▸ **EXERCISE**:
Output an exact reproduction of the data.

(Stored data)
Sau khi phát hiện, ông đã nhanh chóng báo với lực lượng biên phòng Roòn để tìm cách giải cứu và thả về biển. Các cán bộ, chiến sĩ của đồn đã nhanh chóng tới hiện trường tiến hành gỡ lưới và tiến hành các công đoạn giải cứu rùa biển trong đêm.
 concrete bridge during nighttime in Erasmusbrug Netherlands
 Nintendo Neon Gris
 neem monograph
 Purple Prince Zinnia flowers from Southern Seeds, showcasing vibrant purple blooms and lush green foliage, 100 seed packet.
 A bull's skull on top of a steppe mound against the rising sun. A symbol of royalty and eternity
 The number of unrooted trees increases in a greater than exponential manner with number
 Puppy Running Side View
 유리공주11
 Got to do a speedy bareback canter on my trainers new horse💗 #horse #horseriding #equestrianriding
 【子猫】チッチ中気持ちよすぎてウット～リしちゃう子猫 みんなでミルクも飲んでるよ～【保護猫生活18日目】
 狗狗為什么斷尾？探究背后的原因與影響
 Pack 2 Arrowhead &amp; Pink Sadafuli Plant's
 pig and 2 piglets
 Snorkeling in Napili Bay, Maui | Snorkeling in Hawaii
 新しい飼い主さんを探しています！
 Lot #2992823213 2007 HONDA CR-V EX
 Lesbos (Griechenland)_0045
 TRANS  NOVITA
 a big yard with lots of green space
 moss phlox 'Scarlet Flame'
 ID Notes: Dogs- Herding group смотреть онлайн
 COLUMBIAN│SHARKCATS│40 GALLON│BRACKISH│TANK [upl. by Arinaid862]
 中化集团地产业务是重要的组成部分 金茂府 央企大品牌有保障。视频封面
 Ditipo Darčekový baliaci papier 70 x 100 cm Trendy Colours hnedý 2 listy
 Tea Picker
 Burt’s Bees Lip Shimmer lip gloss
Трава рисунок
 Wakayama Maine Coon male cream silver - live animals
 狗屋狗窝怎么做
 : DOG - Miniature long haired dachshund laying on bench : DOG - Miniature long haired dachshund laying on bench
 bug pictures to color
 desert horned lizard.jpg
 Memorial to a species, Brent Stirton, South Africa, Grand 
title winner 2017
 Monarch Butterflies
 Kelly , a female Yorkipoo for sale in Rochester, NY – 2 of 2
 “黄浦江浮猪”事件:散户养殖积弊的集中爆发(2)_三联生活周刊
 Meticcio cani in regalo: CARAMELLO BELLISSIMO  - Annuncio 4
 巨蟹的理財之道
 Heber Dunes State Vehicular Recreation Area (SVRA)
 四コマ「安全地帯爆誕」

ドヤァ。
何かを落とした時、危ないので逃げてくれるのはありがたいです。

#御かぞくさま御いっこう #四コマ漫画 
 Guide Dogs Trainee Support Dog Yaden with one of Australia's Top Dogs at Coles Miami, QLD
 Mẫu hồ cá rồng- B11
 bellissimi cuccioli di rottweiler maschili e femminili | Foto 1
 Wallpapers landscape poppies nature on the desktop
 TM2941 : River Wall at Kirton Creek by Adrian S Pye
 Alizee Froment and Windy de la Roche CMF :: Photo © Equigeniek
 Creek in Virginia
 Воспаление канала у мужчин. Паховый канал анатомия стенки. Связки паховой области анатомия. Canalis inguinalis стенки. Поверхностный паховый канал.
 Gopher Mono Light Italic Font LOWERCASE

▸ **FINISHED EXERCISE**:
Sau khi phát hiện, ông đã nhanh chóng báo với lực lượng biên phòng Roòn để tìm cách giải cứu và thả về biển. Các cán bộ, chiến sĩ của đồn đã nhanh chóng tới hiện trường tiến hành gỡ lưới và tiến hành các công đoạn giải cứu rùa biển trong đêm.
 concrete bridge during nighttime in Erasmusbrug Netherlands
 Nintendo Neon Gris
 neem monograph
 Purple Prince Zinnia flowers from Southern Seeds, showcasing vibrant purple blooms and lush green foliage, 100 seed packet.
 A bull's skull on top of a steppe mound against the rising sun. A symbol of royalty and eternity
 The number of unrooted trees increases in a greater than exponential manner with number
 Puppy Running Side View
 유리공주11
 Got to do a speedy bareback canter on my trainers new horse💗 #horse #horseriding #equestrianriding
 【子猫】チッチ中気持ちよすぎてウット～リしちゃう子猫 みんなでミルクも飲んでるよ～【保護猫生活18日目】
 狗狗為什么斷尾？探究背后的原因與影響
 Pack 2 Arrowhead &amp; Pink Sadafuli Plant's
 pig and 2 piglets
 Snorkeling in Napili Bay, Maui | Snorkeling in Hawaii
 新しい飼い主さんを探しています！
 Lot #2992823213 2007 HONDA CR-V EX
 Lesbos (Griechenland)_0045
 TRANS  NOVITA
 a big yard with lots of green space
 moss phlox 'Scarlet Flame'
 ID Notes: Dogs- Herding group смотреть онлайн
 COLUMBIAN│SHARKCATS│40 GALLON│BRACKISH│TANK [upl. by Arinaid862]
 中化集团地产业务是重要的组成部分 金茂府 央企大品牌有保障。视频封面
 Ditipo Darčekový baliaci papier 70 x 100 cm Trendy Colours hnedý 2 listy
 Tea Picker
 Burt’s Bees Lip Shimmer lip gloss
Трава рисунок
 Wakayama Maine Coon male cream silver - live animals
 狗屋狗窝怎么做
 : DOG - Miniature long haired dachshund laying on bench : DOG - Miniature long haired dachshund laying on bench
 bug pictures to color
 desert horned lizard.jpg
 Memorial to a species, Brent Stirton, South Africa, Grand 
title winner 2017
 Monarch Butterflies
 Kelly , a female Yorkipoo for sale in Rochester, NY – 2 of 2
 “黄浦江浮猪”事件:散户养殖积弊的集中爆发(2)_三联生活周刊
 Meticcio cani in regalo: CARAMELLO BELLISSIMO  - Annuncio 4
 巨蟹的理財之道
 Heber Dunes State Vehicular Recreation Area (SVRA)
 四コマ「安全地帯爆誕」

ドヤァ。
何かを落とした時、危ないので逃げてくれるのはありがたいです。

#御かぞくさま御いっこう #四コマ漫画 
 Guide Dogs Trainee Support Dog Yaden with one of Australia's Top Dogs at Coles Miami, QLD
 Mẫu hồ cá rồng- B11
 bellissimi cuccioli di rottweiler maschili e femminili | Foto 1
 Wallpapers landscape poppies nature on the desktop
 TM2941 : River Wall at Kirton Creek by Adrian S Pye
 Alizee Froment and Windy de la Roche CMF :: Photo © Equigeniek
 Creek in Virginia
 Воспаление канала у мужчин. Паховый канал анатомия стенки. Связки паховой области анатомия. Canalis inguinalis стенки. Поверхностный паховый канал.
 Gopher Mono Light Italic Font LOWERCASE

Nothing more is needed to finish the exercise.